Da mesma forma, Dom Franz-Josef Overbeck, Bispo de Essen e presidente da Adveniat, instituição de ajuda da Igreja na Alemanha para a América Latina, disse que o Sínodo da Amazônia "é um ponto sem retorno" para a Igreja e que "nada será como antes” depois deste encontro.

O Prelado também apoiou publicamente a “greve das mulheres” contra a Igreja na Alemanha, convocada por um grupo de católicas após o não do Papa Francisco à ordenação de diaconisas.

CNA conversou com diversos funcionários do Vaticano e estes indicaram que os estatutos da assembleia sinodal alemã ainda não foram enviados às autoridades eclesiais de Roma para sua consulta ou aprovação.

O Cardeal Rainer Maria Woelki, Arcebispo de Colônia, disse em 4 de setembro ao jornal de sua arquidiocese que está preocupado com esse processo sinodal, pois, como está concebido, pode gerar uma fratura entre a Igreja universal e a hierarquia na Alemanha.

Muitos católicos, assinalou, "temem que, inclusive, estejamos arriscando a comunhão com a igreja universal para nos convertermos em uma Igreja nacional alemã”.

A grave crise da Igreja na Alemanha

Em meados de julho deste ano, a Conferência Episcopal da Alemanha divulgou algumas estatísticas do ano de 2018, entre as quais destaca que, no período, mais de 216 mil fiéis decidiram abandonar a Igreja Católica.

Além disso, dos 23 milhões de batizados no país, de uma população total de 83 milhões, a porcentagem daqueles que participam da Missa Dominical é de 9,3%, ou seja, cerca de 2,1 milhões.

Essas cifras confirmam as previsões de maio de 2019, segundo as quais o número de cristãos na Alemanha será reduzido pela metade em 2060, como informou CNA Deutsch – agência em alemão do Grupo ACI.

No caso dos sacerdotes que servem nas dioceses do país, o número caiu para 1.161 em 2018, quando havia mais de 17.000 no ano 2000.

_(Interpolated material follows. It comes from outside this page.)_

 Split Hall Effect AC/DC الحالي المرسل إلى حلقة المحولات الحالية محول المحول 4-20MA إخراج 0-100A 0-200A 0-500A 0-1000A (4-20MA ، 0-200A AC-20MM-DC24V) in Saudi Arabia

As estatísticas também indicam que no ano 2000 havia 13.241 paróquias na Alemanha. Em 2018, caíram para 10.045.

Em um comunicado publicado na sexta-feira, 19 de julho, Pe. Hans Langendörfer SJ disse que os números são "preocupantes", mas, em sua opinião, fazem parte dos "processos de mudança".

“Lamentamos quando as pessoas deixam a Igreja Católica. Entendemos que tenha surgido desconfiança ou que tenha se perdido a confiança ou a credibilidade”, disse o sacerdote.

As estatísticas de 2018 não fornecem nenhuma informação sobre o sacramento da Reconciliação ou da Confissão, uma prática que parece ter sido quase completamente abandonada pelos católicos do país, incluindo os sacerdotes.

Em 2018, a Conferência Episcopal Alemã preparou um documento que propunha algumas condições para dar a comunhão eucarística aos protestantes casados ​​com católicos.

Sete bispos da Baviera, incluindo o Arcebispo de Colônia, Cardeal Rainer Maria Woelki, se opuseram à proposta.